1. The average web page is going to hit 2MB.

A year ago, I predicted that the average web page would hit 1MB in 2012, which it did in May. Today, the average page is 1280KB. In a post I wrote last month, I predicted that, at the current rate of growth, typical page size would hit 2MB in early 2014. I’m upgrading that prediction to the end of 2013. Call it a hunch. This has massive implications for site owners in terms of bandwidth, but mobile users will be hardest hit, from both a usability perspective and a throttling/data cap perspective.

2. By the end of 2013, at least half of all North Americans will own a tablet.

Currently, 29% of North Americans own some kind of tablet. With the proliferation of new inexpensive tablets, with the emergence of kids as a mostly untapped tablet market, and with Christmas just around the corner, I’m predicting that more than 50% of North Americans will own a tablet by year end.

3. Global mobile traffic will hit 25% of total internet traffic.

Right now this number is 13%, but numbers are surging in China and India.
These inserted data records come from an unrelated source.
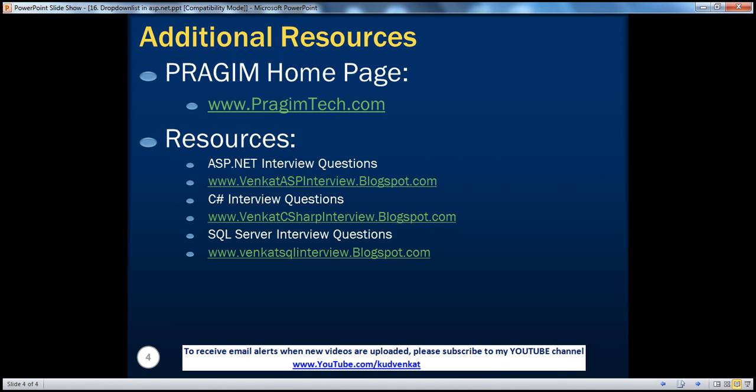On this slide, you can find resources for ASP.NET, C#, and SQL Server interview questions. That's it for today. Thank you for listening. Have a great day.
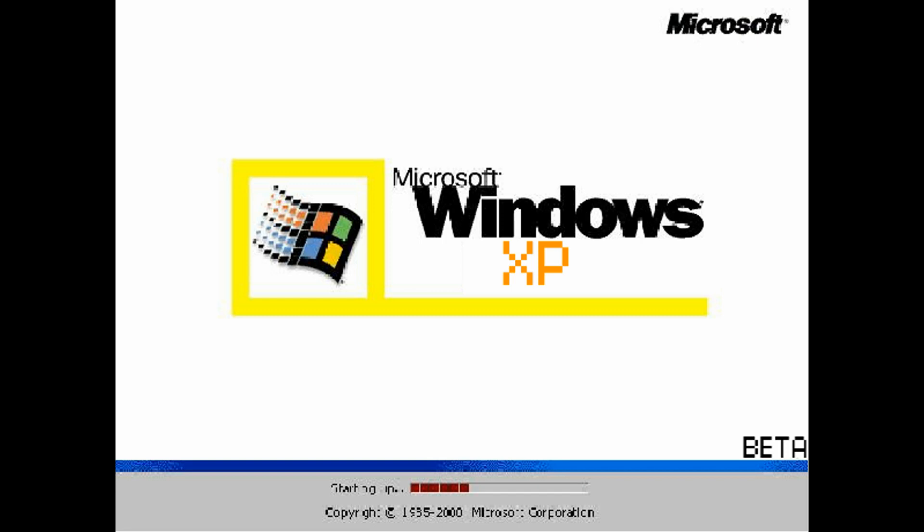The engineers never found out what happened to that lost Windows XP build. But still, to this day, the legend of the lost Windows XP operating system build lives on as a cautionary tale about the dangers of exploring the unknown depths of technology.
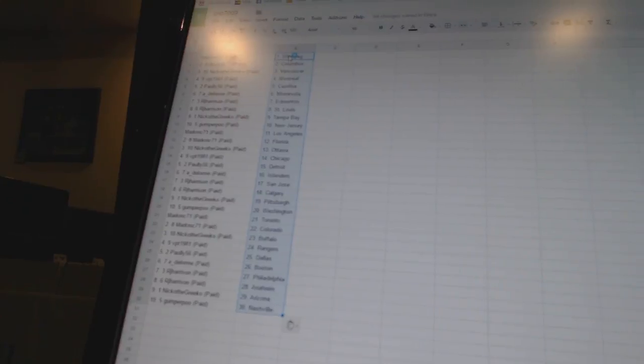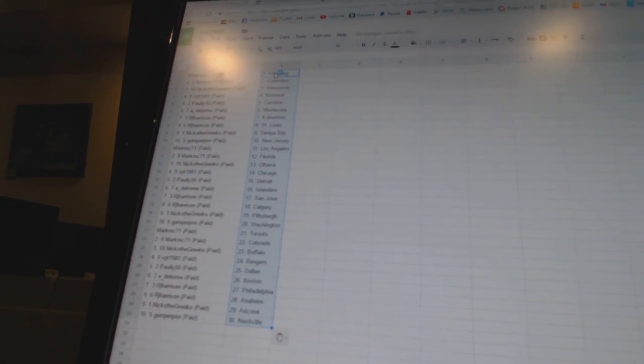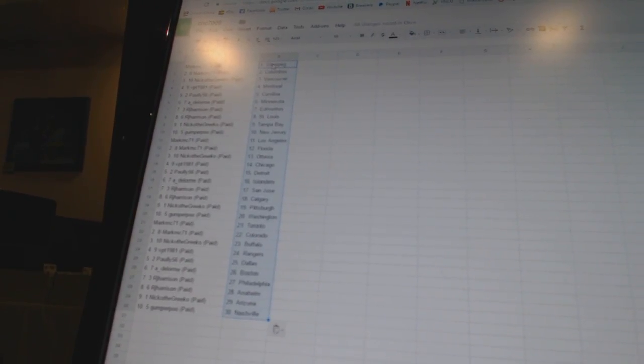All right. MarkMC71 has Winnipeg and Columbus. Nico the Grieco has Vancouver. VPT1981 has Montreal. Pauly56 has Carolina. Adelorme has Minnesota. RJ Harrison has Edmonton and St. Louis.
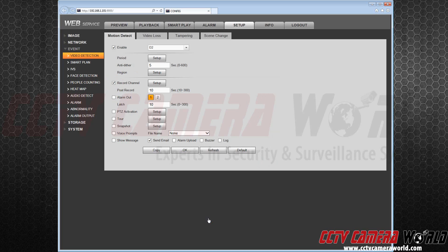Notice, you can set your system to send email push alerts, a buzzer, and other options to help you better secure your region of interest. After I am done with my settings, I hit OK. Motion has now been activated.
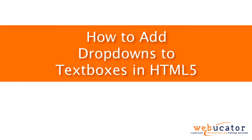Hello, this is Chris Minnick with Webucator. In this video, I'm going to show you how to add dropdowns to text boxes in HTML5.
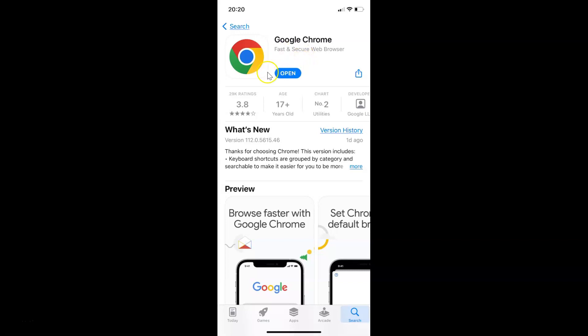You can see it's now updated. If you want, you can open your Google Chrome by tapping on the open button.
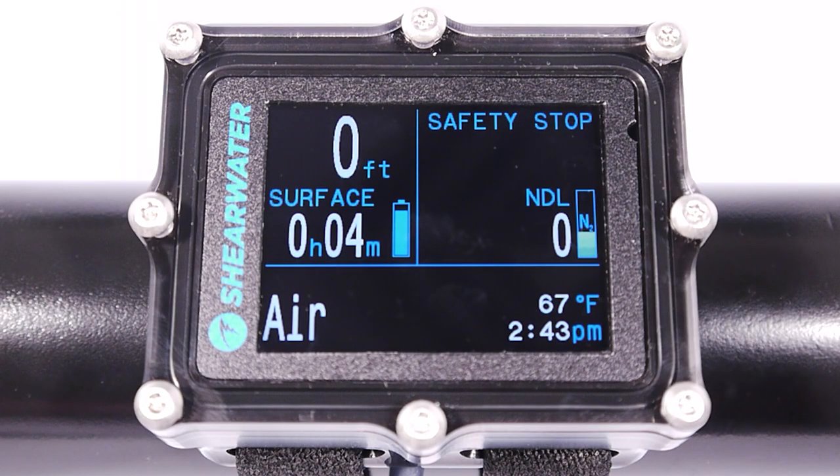Hi, this instructional video for the Shearwater Petrol Nitrox Recreational Mode will cover a Nitrox Dive.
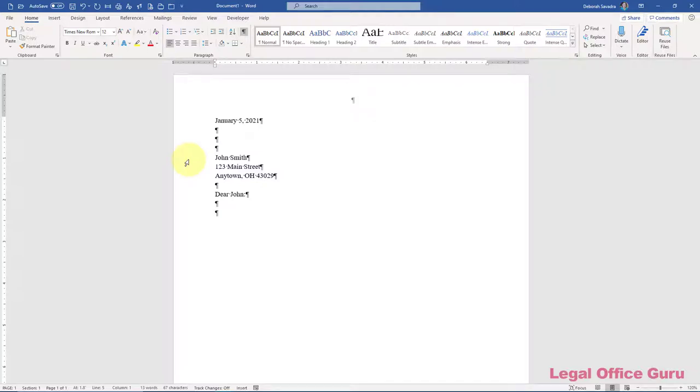One of the most basic functions in Microsoft Word is printing envelopes and labels. You'd think that such a basic function would be intuitive. It's not.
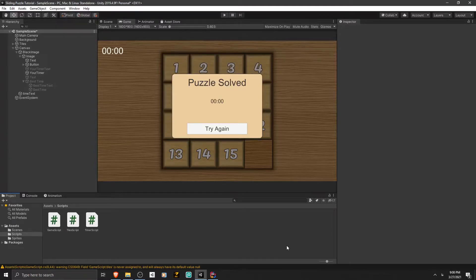Hello everybody, this is TidoMiner and welcome to Part 5 of making a sliding puzzle game in Unity. In this part we are going to create a high score system for the game.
4. 25% of online shopping will be via mobile.

With the explosive adoption of tablets, we’re going to see a major jump in mobile shopping. Mobile phones and tablets represented 24% of online shopping on Black Friday, up from 6% just two years ago. We’re going to see that Black Friday stat become the norm.

5. 2013 will be the year your smartphone gets infected with a virus.

You know it’s coming. Cue the dark lords of anti-virus software to the rescue.

6. Android will pull ahead of iOS smartphone adoption. For good.

In five years, we’re all going to look back on 2013 as the year Android pulled ahead for good on smart phones. When it comes to this kind of call, I use the Strangeloop team as the canary in the coal mine. My dev team is moving to Android en masse. I haven’t seen this type of shift since 2009 when the mass exodus from Blackberry began.

7. Mobile performance will continue to be a major problem.

Mobile sites will remain too slow. Too many people still believe that their simplified mobile site is the answer (which it’s not, because it’s often too simple), or that responsive web design is the answer (which it’s not, because RWD pages can actually be even bigger and slower than a typical page). There’s no single magic bullet for mobile performance. Companies are going to have to really apply themselves to finding solutions that work for their unique situations.

8. This will be a great year for Chrome, an okay year for Internet Explorer, and a bad year for Firefox.

Internet Explorer will halt the bleeding and stabilize, but not grow, its market share. Chrome will hit 45% of worldwide browser market share by the end of the year — almost entirely at the expense of Firefox.

9. Two of the four largest CDNs will be acquired and integrated into larger companies.

I’m not naming names, and I have no inside information. This is just my hunch that we’re going to see big changes in this market.

10. Netflix will continue its decline, while Amazon video delivery will ascend.

Amazon’s rise in video delivery to the home will become evident in 2013. Amazon can outspend almost anyone for content — and when it comes to video, content trumps all.

11. DDOS attack mitigation will dominate the enterprise.

There’s nothing CIOs/CTOs hate more than visible failure. Sixty-five percent of the top ecommerce sites will have a mitigation strategy in place by the end of 2013.

12. RUM vendors will finally start to make money.

Real user monitoring will move from the sideshow to the main stage for half of analytics vendors. We’ll even see the first example of actionable RUM, which operations can use to trigger alarms that matter. Operations will start to trust RUM. By year end, RUM will be found on 35% of ecommerce sites.